> [Data to use]
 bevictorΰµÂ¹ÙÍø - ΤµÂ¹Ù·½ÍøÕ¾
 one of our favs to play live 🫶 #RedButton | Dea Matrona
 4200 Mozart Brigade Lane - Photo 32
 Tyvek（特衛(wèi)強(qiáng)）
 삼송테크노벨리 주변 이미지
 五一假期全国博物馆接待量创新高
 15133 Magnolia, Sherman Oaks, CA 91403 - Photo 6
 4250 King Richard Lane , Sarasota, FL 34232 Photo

* * *

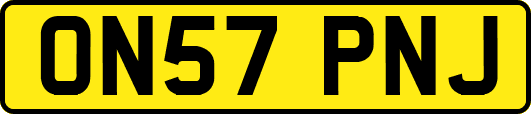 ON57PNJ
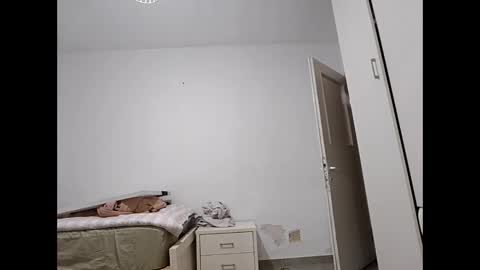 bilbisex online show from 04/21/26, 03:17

* * *

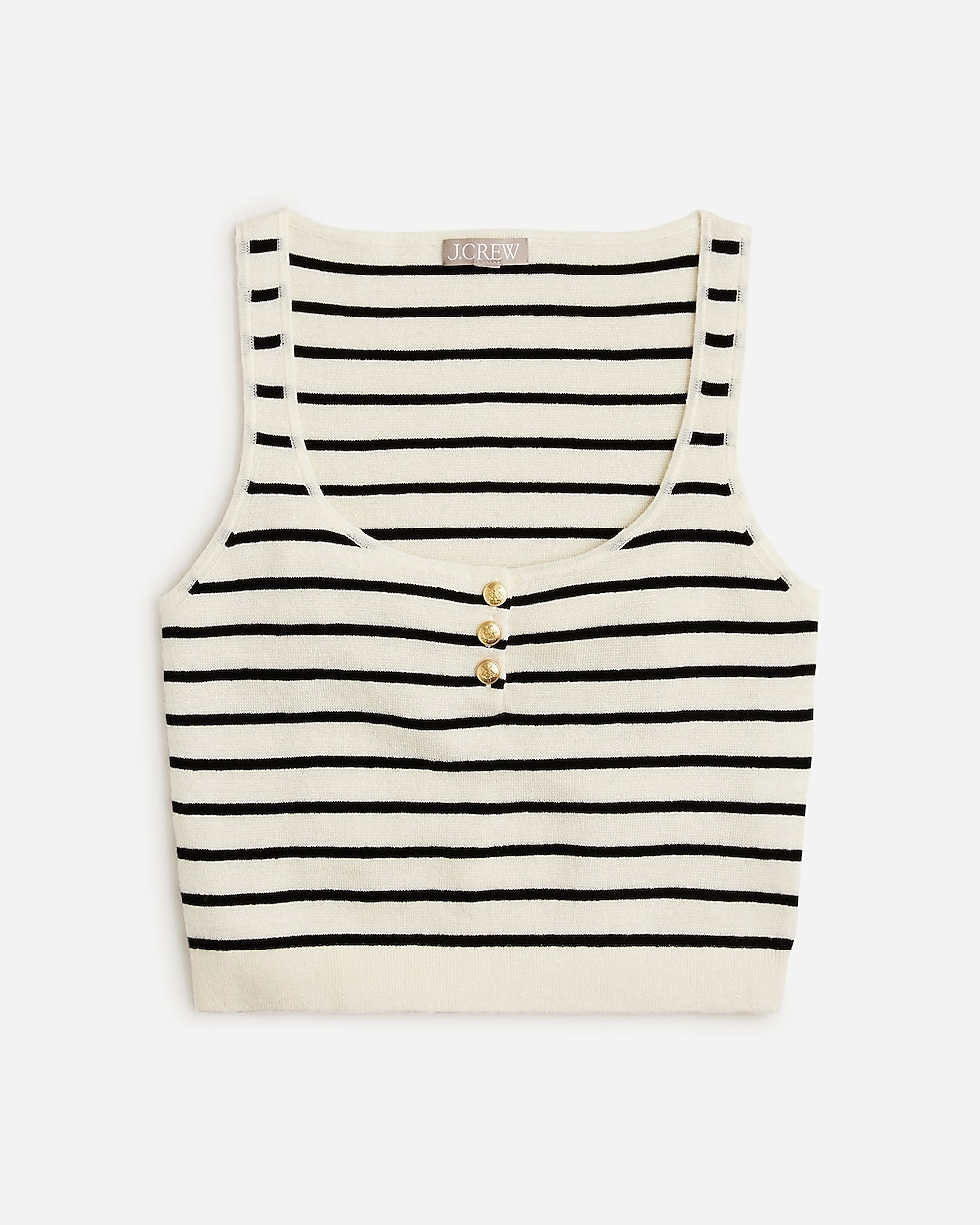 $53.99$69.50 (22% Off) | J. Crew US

> [Description of the task] Copy the records above exactly, beginning at the line that contains "삼송테크노벨리 주변 이미지" and stopping after the line that contains "4250 King Richard".

> [Output]
 삼송테크노벨리 주변 이미지
 五一假期全国博物馆接待量创新高
 15133 Magnolia, Sherman Oaks, CA 91403 - Photo 6
 4250 King Richard Lane , Sarasota, FL 34232 Photo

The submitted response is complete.